The PUC set forth the following framework for PCIA prepayment
a. The prepayment shall be based on a "mutually acceptable" forecast of that customer's future PCIA obligation;
b. The prepayment may shall take the form of either (1) a one-time payment; or (2) a series of levelized payments over 2-5 years;
c. The prepayment shall not be trued-up;
d. Once the prepayment has been made, the customer shall not receive any refunds if it returns to bundled service; and
e.

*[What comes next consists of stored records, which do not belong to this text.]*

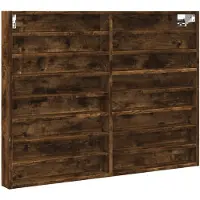 vidaXL Vitrinekast 100x8,5x75 cm bewerkt hout gerookt eikenkleurig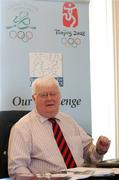 12 June 2007; Chef de Mission for the Irish team at the 2008 Beijing Olympics Dermot Henihan speaking at the first of a number of Olympic Council of Ireland Media Briefings ahead of the 2008 Beijing Olympic Games. Olympic House, Howth, Dublin. Picture credit Brendan Moran / SPORTSFILE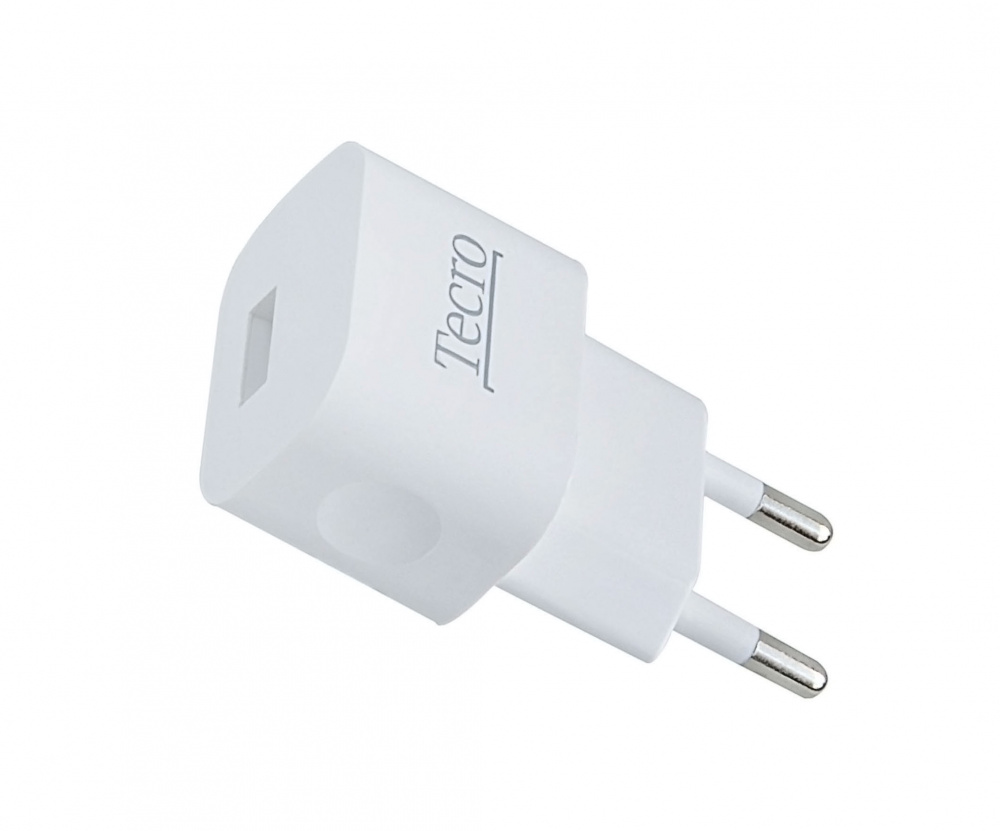 Мережевий зарядний пристрій Tecro (1xUSB, 1A) White (TR-CHG01-WT) | ARAGO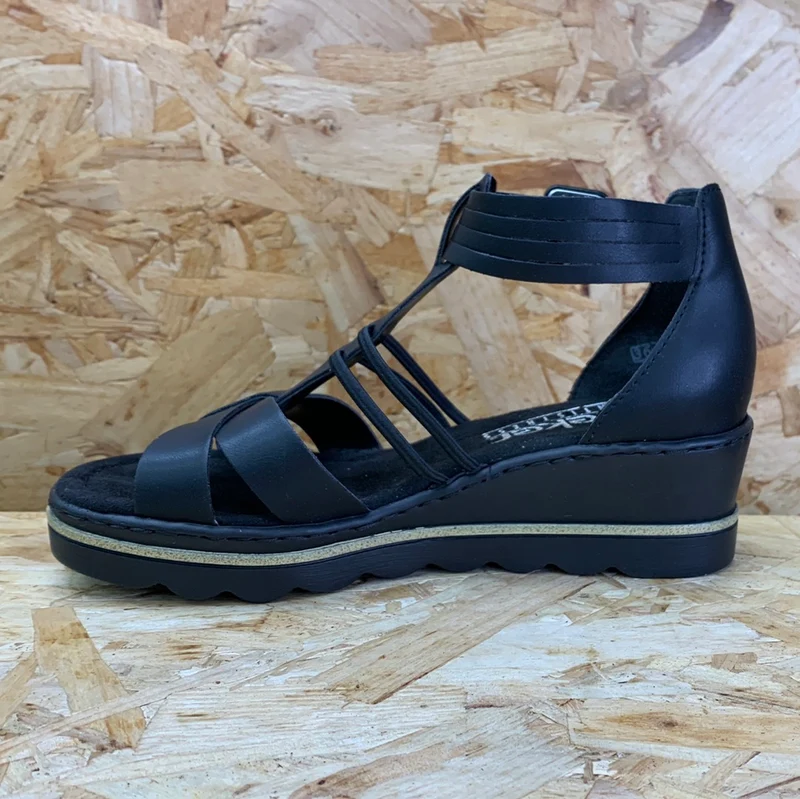 Rieker Damenmode-Sandale – Schwarz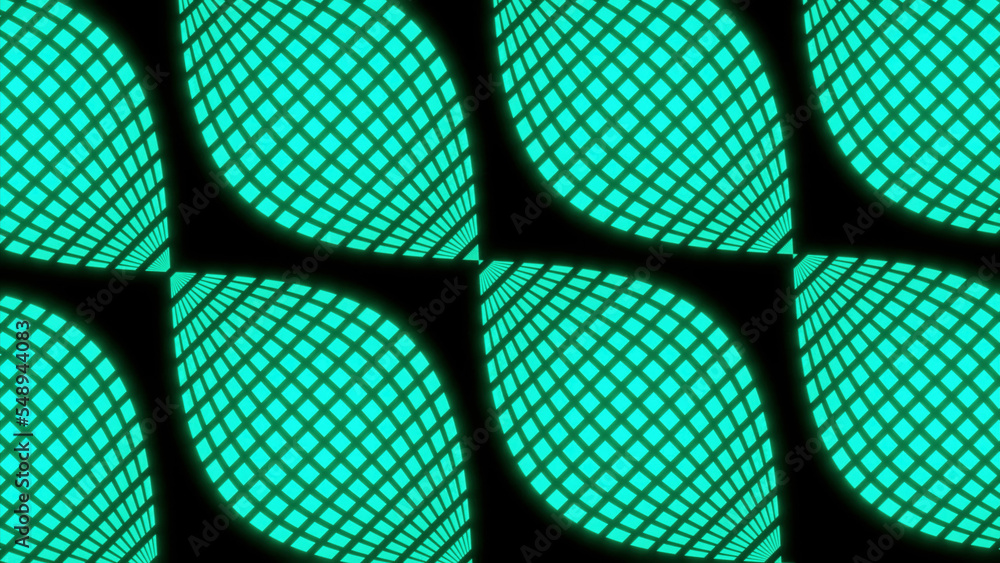 Poster abstract grid surface in wavy motion. design. flowing in diagonal direction turquoise baids pattern 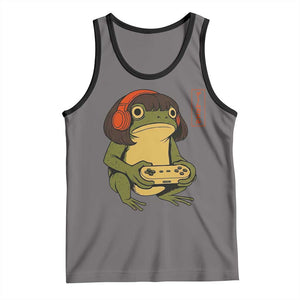 Funny Frog Bob Haircut Gamer Meme Tank Top Game Lover TS12 Deep Heather Black Print Your Wear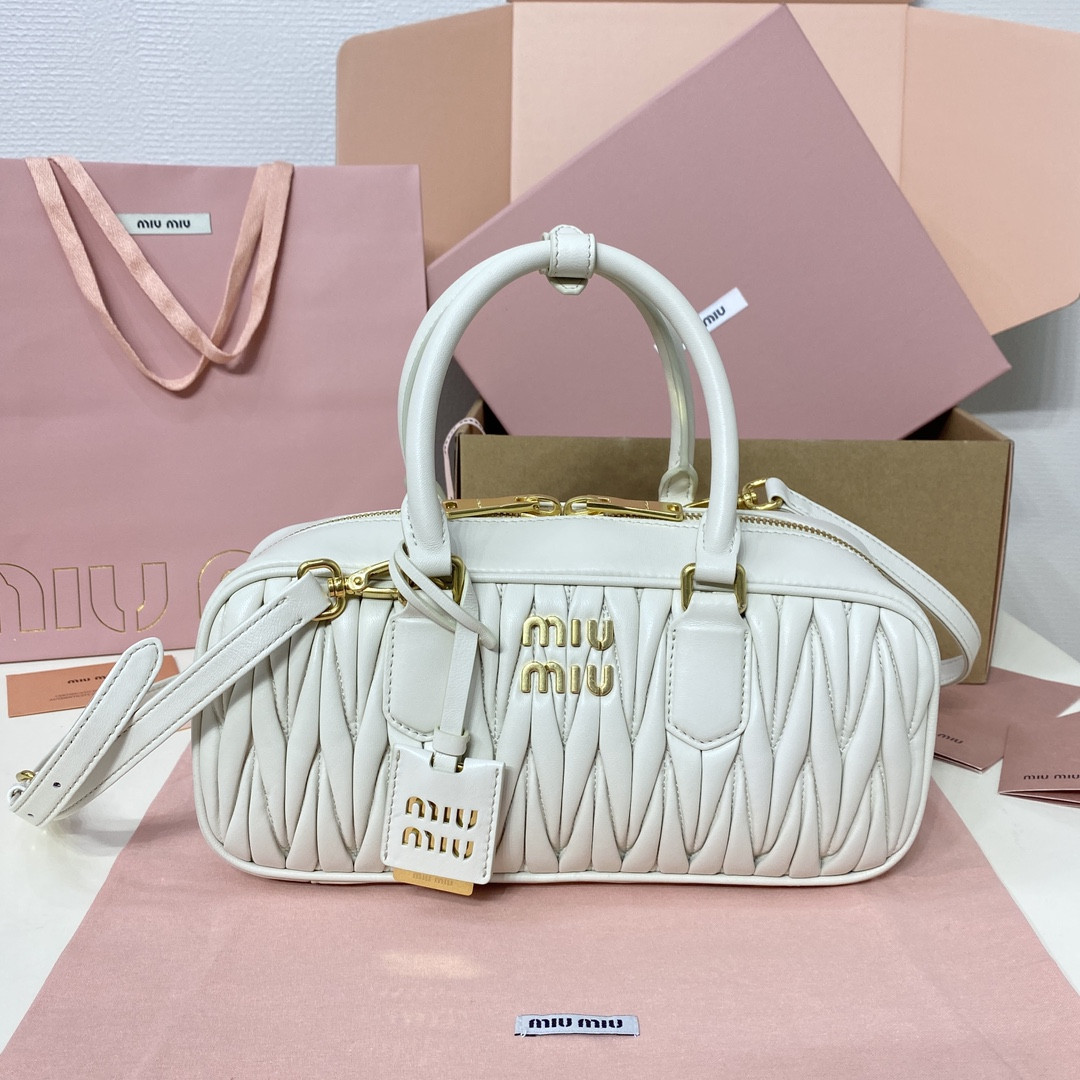 Miu Miu Arcadie matelassé nappa leather bag 12x27x9cm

After prepayment is finalized, the customer may switch among competitive retail sellers without incurring any new PCIA obligation.
The Commission declined to adopt a sunset of the obligation to pay the PCIA.
The PUC said that it is not practical to attempt to implement voluntary allocation and auction mechanisms for utility supply assets associated with departing load by January 2019. Specifically, the PUC said that Commercial Energy's Voluntary Allocation & Auction Clearinghouse proposal should be further developed in a second phase of this proceeding
As noted above, several of the PCIA components will rely on prices from retail supplier (ESP) and CCA contracts, in addition to utility prices.
To implement such order, the PUC established new transaction reporting requirements for all Load Serving Entities, including Community Choice Aggregators and Energy Service Providers, "to ensure that the Renewables Portfolio Standard Adder is as accurate as possible."
Beginning in 2019, all Load Serving Entities shall submit the following information to the Commission’s Energy Division on an annual basis by January 31:
• Contract information shall be collected for all Load Serving Entity contracts executed in year n-2, with year n being the forecast year for which the Power Charge Indifference Adjustment calculation is being done.
• Contract information shall include: seller name, execution date, contract price ($/MWh), term length of contract, capacity (MW), associated Net Quantifying Capacity, annual expected generation (MWh/year), expected generation for year n. If a contract includes Time of Delivery (TOD) adjustments, then the contract’s price shall be TOD-adjusted.
The PUC set a second phase of the case to address issues related to departing load on a longer time horizon
The PUC established work groups to address:
1. Benchmark true-up, including for RA and RPS
3. Portfolio Optimization and Cost Reduction
4. Allocation and Auction
The PUC said, "we find that a second phase should be opened in this
proceeding. The second phase’s purpose is to develop structures, processes, and
rules governing portfolio optimization going forward. Portfolio optimization
proposals should include voluntary auction frameworks. Although we decline
to endorse any one voluntary auction proposal at this time, we remind parties
that any proposals should be consistent with the guiding principles in this decision. We anticipate the use of a working group process to develop these optimization proposals further. Some of the proposals offered by parties thus far in this proceeding would, if adopted, require coordination with other Commission proceedings, including the Integrated Resource Planning (IRP), Resource Adequacy (RA), and Renewable Portfolio Standard (RPS) proceedings. The second focus of phase two will be to minimize further accumulation of uneconomic costs. The Commission will consider further guidance and standards for more active management of the utilities’ portfolios in response to departing load in the future, and improvements in forecasting of departing load by all LSEs. Phase two will also consider shareholder responsibility for future portfolio mismanagement, if any, so that neither bundled nor departing customers bear full cost responsibility if utilities do not meet established portfolio management standards. Utilities are of course required to manage their portfolios prudently. Imprudent management would justify disallowing recovery of portfolio costs, and could be considered in ERRA or General Rate Case (GRC) proceedings."